Let's talk a little bit about Marighella, what do you know about him?
This week, Brazilians celebrated the 52nd anniversary of the assassination of Carlos Marighella by agents of the Brazilian military dictatorship. He led the urban armed resistance to the dictatorial regime arising from the 1964 coup d'état that was fomented, financed and supported by the White House in Brazil.
Marighella had been a federal deputy and was a prominent left-wing political leader. My father (communist since the late 1940s) had sporadic contacts with him in São Paulo in the final phase of his life. My father's admiration for Marighella's courage was great. Whenever he spoke of the cowardly murder of this political leader, my father was sad.
The memory of the murder of this left-wing leader comes at a delicate moment. The release of the film about Marighella's trajectory in movie theaters was censored by Bolsonaro. The masterpiece of Brazilian cinematography is on the internet:
An important chapter in Marighella's life not recorded in the film took place outside Brazil after his death. The Guerrilla Manual he wrote, translated and published in Europe on the initiative of Jean-Paul Sartre, was widely used by the Baader-Meinhof guerrillas.
Seized by German police officers, Marighella's work was studied, commented on and cited hundreds of times in the book, Modern Irregular Warfare, by Friedrich August Von Der Heydte (published in Brazil by Biblex). No Brazilian military has ever been mentioned in Europe. Interestingly, despite not having military training, Marighella is studied extensively by Brazilian officers charged with fighting subversion (whatever that means in the 1950s ideology when they were frozen).
One of the biggest concerns of the Brazilian leftist leader was precisely the privacy of leftist cells, the compartmentalization of information and the use of encrypted communications.

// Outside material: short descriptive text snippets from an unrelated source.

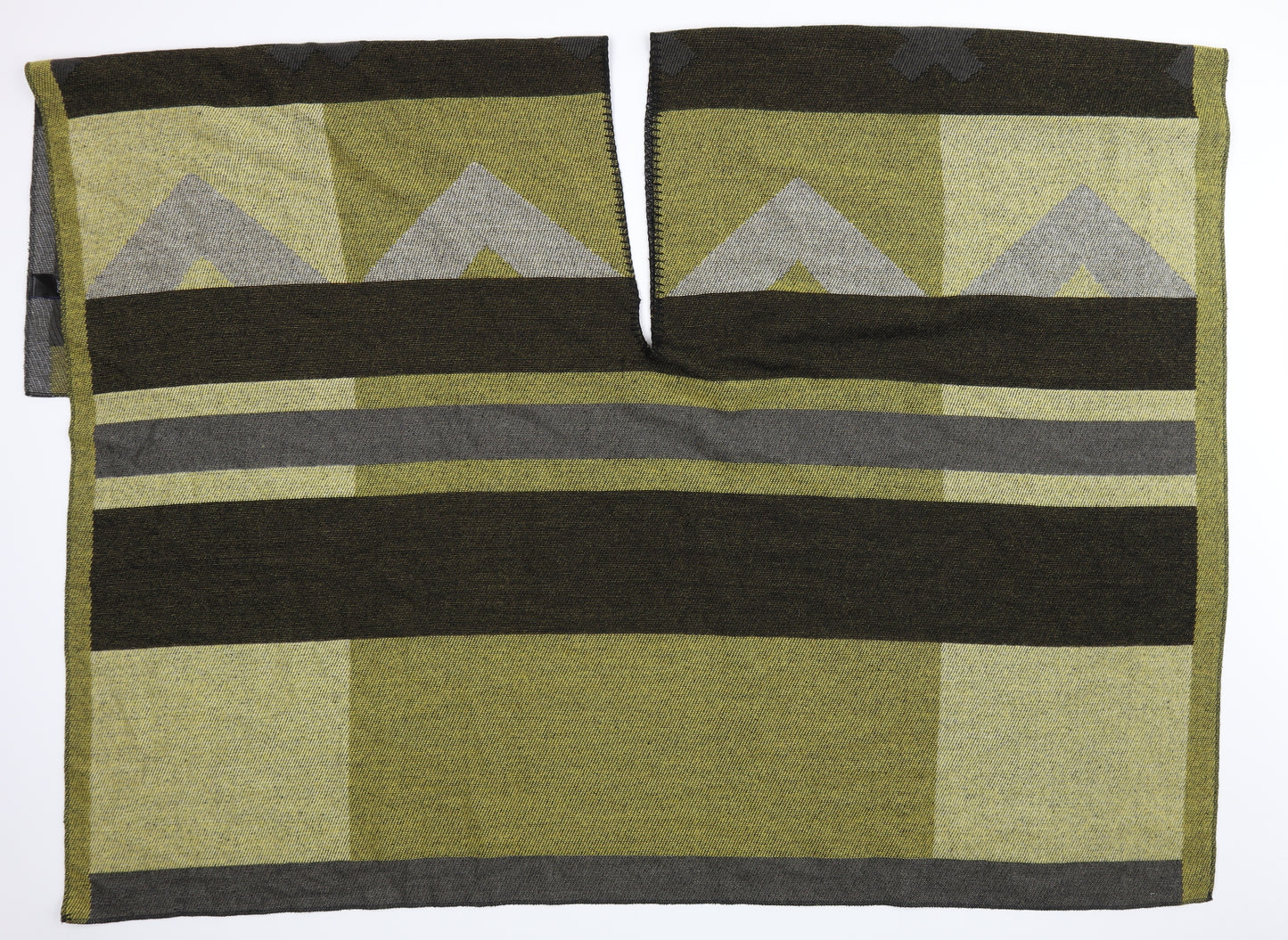NEXT Womens Green Geometric  Wrap Jumper One Size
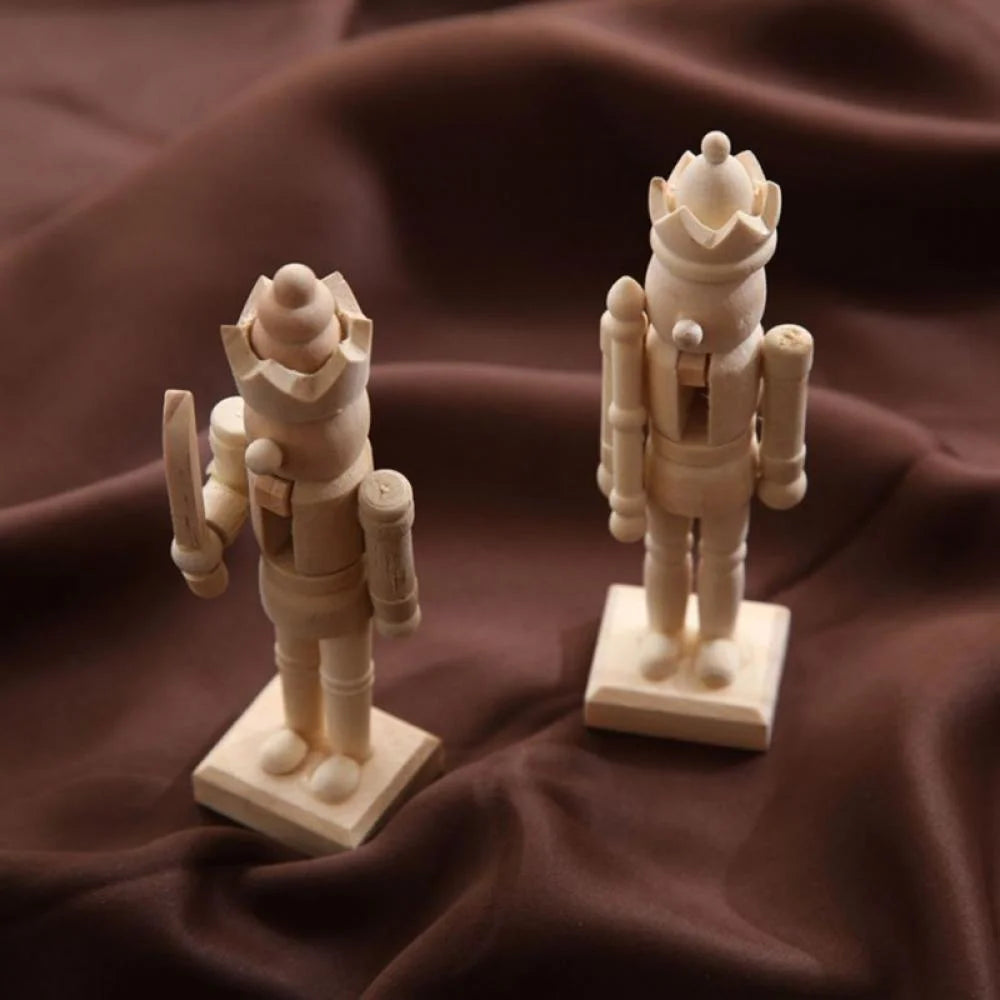 6 Set Unfinished Wooden Nutcracker Figures N190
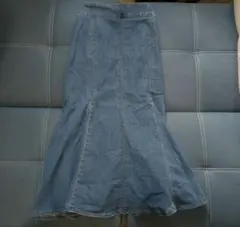 GU　デニムマーメイドスカート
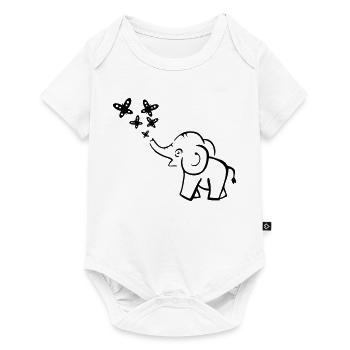elephant - Baby Premium short-sleeve bodysuit - white - Front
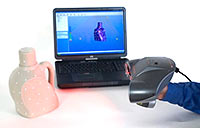 a ZScanner 3D lézer szkenner szabadon mozgatható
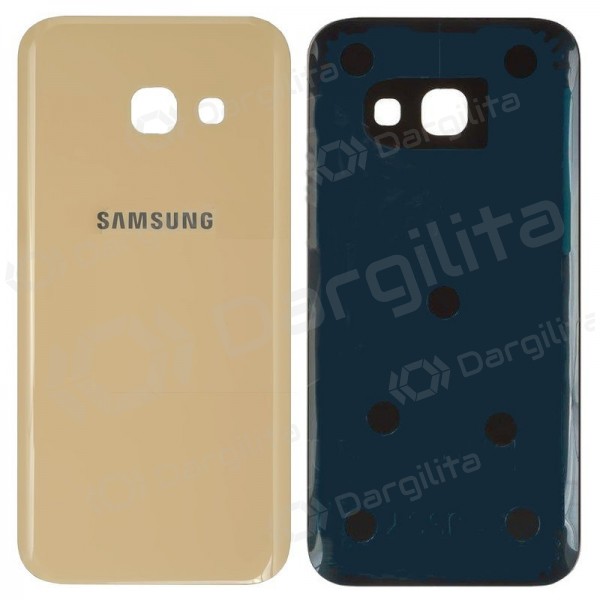 Samsung A320F Galaxy A3 (2017) galinis baterijos dangtelis (auksinis)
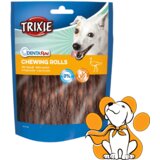Trixie Denta Fun Ostrich Chewing Rolls 100g/12cm, Štapići Sa Ukusom Mesa Od Noja | ePonuda.com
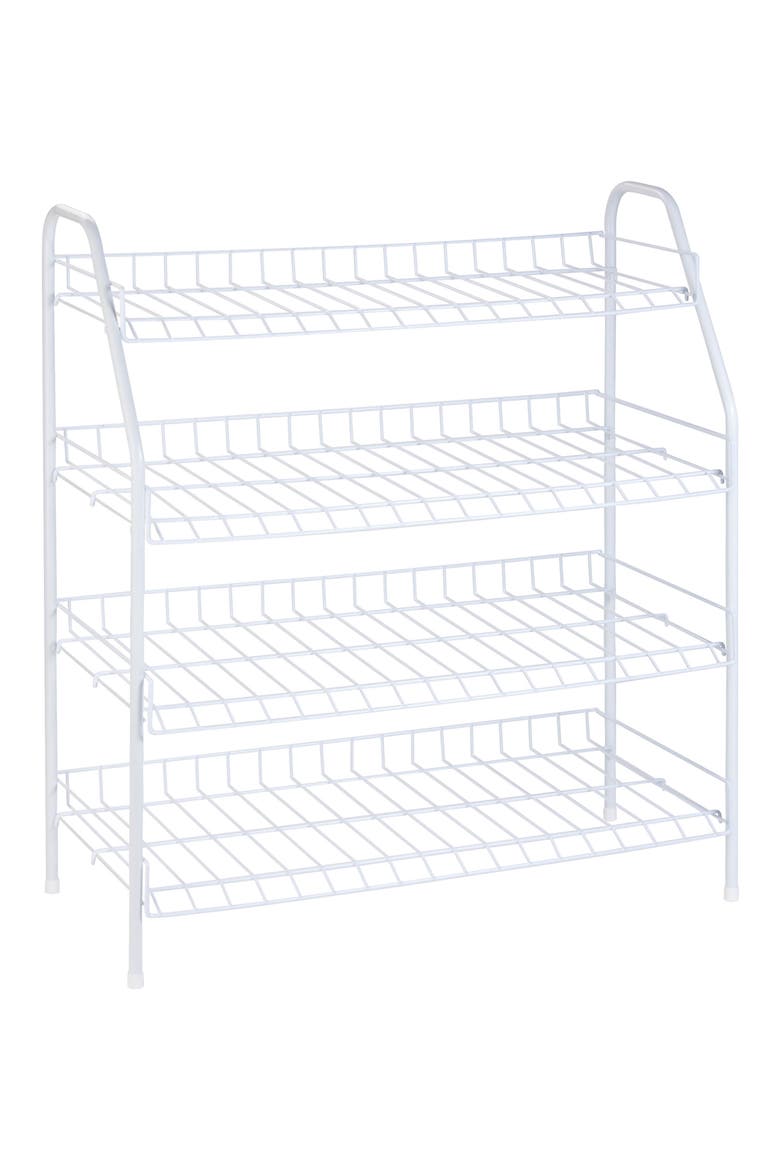 White Colour Rack White 4-Tier Storage Rack | Nordstromrack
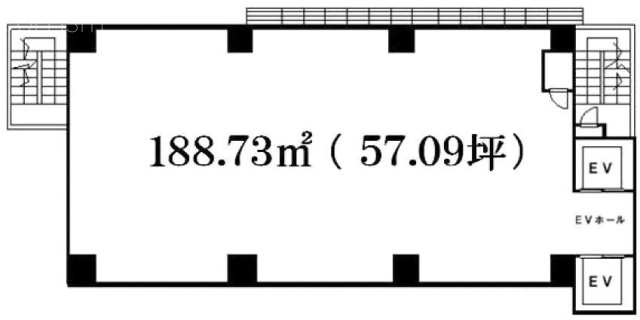 六本木グリーンビル5F 間取り図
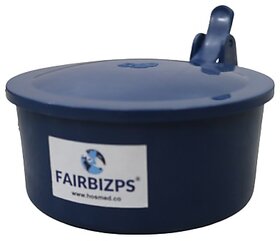FAIRBIZPS Spitting Mug Spit Box Plastic Spit Mug Leakproof Spitton Mug with Lid Sputum Plastic Cover (300ml) Blue
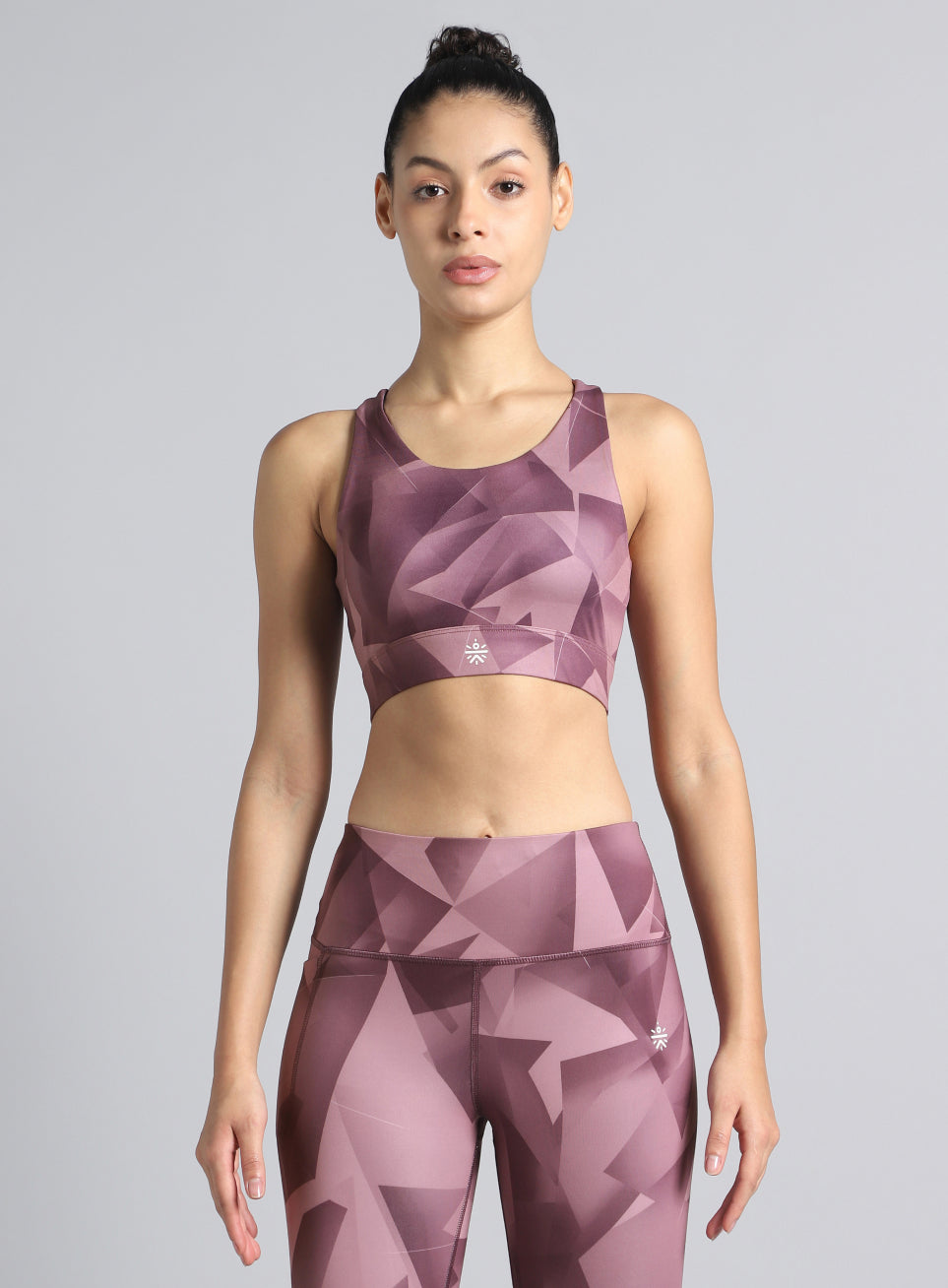 Women's Purple Feel The Beat Printed High Support Bra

This was also the biggest concern of the internet platform that crippled the US diplomatic/military information system (WikiLeaks).
Marighella's work not only ensured the success of the Baader-Meinhof operations, overcoming surveillance and repression techniques used by the Germans and Europeans (inspired by Nazi military manuals), but it can also be the object of reflection at the present time.
Marighella's lessons are very useful today. Adapted, they can be used to bypass the minefields created by “surveillance capitalism” and authoritarian governments that use the internet to control populations and sabotage democracies. I say this thinking specifically about the SNI (acronym for the infamous highly capillary information system that existed in the Brazilian military dictatorship) which is being rebuilt by Bolsonaro.